Cell culture conditions of transcellular transport experiments

The conditioned culture medium of cells grown in transwells was replaced every 48 h. Confluent monolayers suitable for transcellular transport experiments were obtained after 1 wk in culture. Human aortic endothelial cells (HAECs, primary cultures isolated in-house from discarded aorta segments), were grown under the same conditions. Because establishing tight monolayers of HAECs proved more difficult (intercellular gaps were sometimes observed), most of the experiments were performed with the bovine counterpart. The experimental conditions chosen for transcytosis were selected to eliminate or substantially reduce the contribution of Cbl efflux that could interfere with the assessment of transcellular transport. Cbl efflux occurs in the presence of cellular Cbl overload (supraphysiologic doses), the rapid turnover of Cbl metabolism (leukemia cells) (52), in which cells harboring inborn errors of Cbl metabolism (53) and cellular vitamin B₁₂ cannot be used. Cells were grown in Cbl-deficient culture medium for ≥4 passages before transfer to transwell inserts. Only physiologic concentrations of holo-TC (110 pM) were used to test for transcytosis (Supplemental Fig. S1). Those cell culture conditions were shown to support active Cbl processing by the cblC pathway, as shown in Hannibal et al. (51).
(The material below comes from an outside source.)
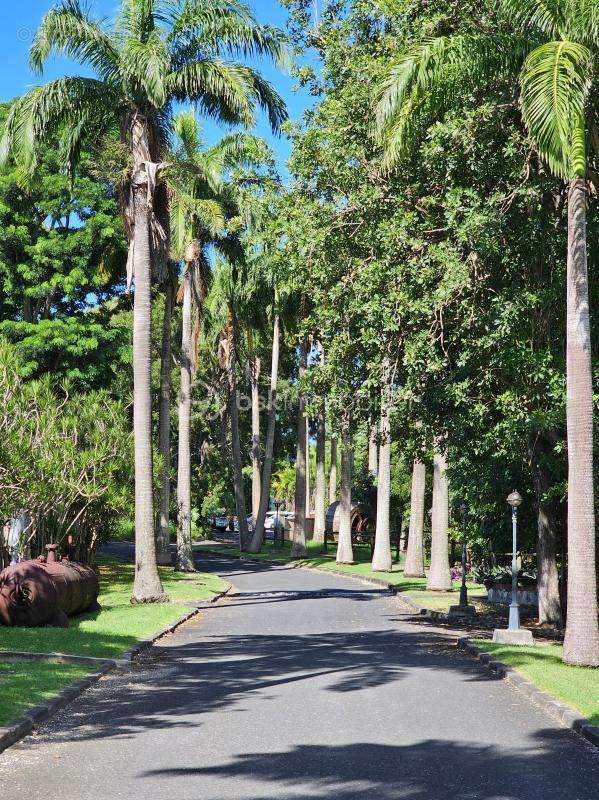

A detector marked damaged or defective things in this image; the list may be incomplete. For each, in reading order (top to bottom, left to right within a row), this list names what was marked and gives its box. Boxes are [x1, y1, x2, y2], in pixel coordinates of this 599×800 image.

Integrity of the endothelial monolayer

The integrity of the endothelial monolayer selected for the experiments was assessed by 3 methods: 1) visual examination by phase-contrast microscopy (Supplemental Fig. S2), 2) measuring leakage across transwells, and 3) electrical conductance measurements for transcellular resistance (Supplemental Fig. S3). Evaluation of para-cellular leakage was performed by filling up the transwell with culture medium and monitoring liquid transfer into the empty bottom chamber overnight. A transcellular resistance of ≥155 mΩ was considered acceptable for further experimentation, in line with previously suggested guidelines (54). Under our experimental conditions, the transcellular resistance of BAECs in PET coated with collagen I was 170 ± 10 mΩ (n = 30). Transcellular resistance measurements were performed with an Ag/AgCl electrode (Millicell-Electrical Resistance System; MilliporeSigma, Billerica, MA, USA).
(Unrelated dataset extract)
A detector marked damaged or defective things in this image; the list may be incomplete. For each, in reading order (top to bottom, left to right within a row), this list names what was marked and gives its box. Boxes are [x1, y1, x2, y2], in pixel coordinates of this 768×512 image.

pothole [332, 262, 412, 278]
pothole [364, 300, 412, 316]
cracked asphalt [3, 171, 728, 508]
Preparation of holo-TC and holo-IF

Holo-TC and -IF proteins containing bound Cbl were prepared by incubating [⁵⁷Co]-CNCbl with 4-fold excess of apo-TC [bovine recombinant (54)] or apo-IF (Beta Innovations, Belmont, MA, USA) overnight, at 37°C, in fresh culture medium to be used in the transcytosis experiments. The final concentration of holo-TC or -IF was 110 pM in all experiments. The quality of the preparation (ideally 100% of the [⁵⁷Co]-CNCbl would be protein bound) was determined by spin-filtration of an aliquot of the preparation in an Amicon filter system (cutoff ∼5000 Da; MilliporeSigma). This method consistently produced adequate quantities of both holo-proteins (>99% of the Cbl bound; Supplemental Fig. S1).

Transcytosis of [⁵⁷Co]-holo-TC in BAECs

Transcytosis experiments were performed on transwell inserts (PET, coated with collagen I; BD Biosciences) previously reconstituted with culture medium as directed by the manufacturer. Six-well plates were seeded with BAECs (initial cell density ≥90%), and the cells were allowed to grow for 48 h. The conditioned cultured medium (2 ml/chamber) was then replaced with fresh medium, and the cells were allowed to grow for 5–7 d. The transcytosis experiments were initiated by replacement of the conditioned culture medium with fresh medium containing radioactive holo-TC (prepared as described above) to either the upper or the bottom chambers. Transport across the endothelial monolayer was monitored by counting the radioactivity of a 50-µl aliquot from each chamber (source and receiving chamber) at the following times: 0.5, 1, 2, 4, 6, 9, 12, 24 and 98 h. Cell cultures were protected from light at all times for further analysis of intracellular and extracellular Cbl.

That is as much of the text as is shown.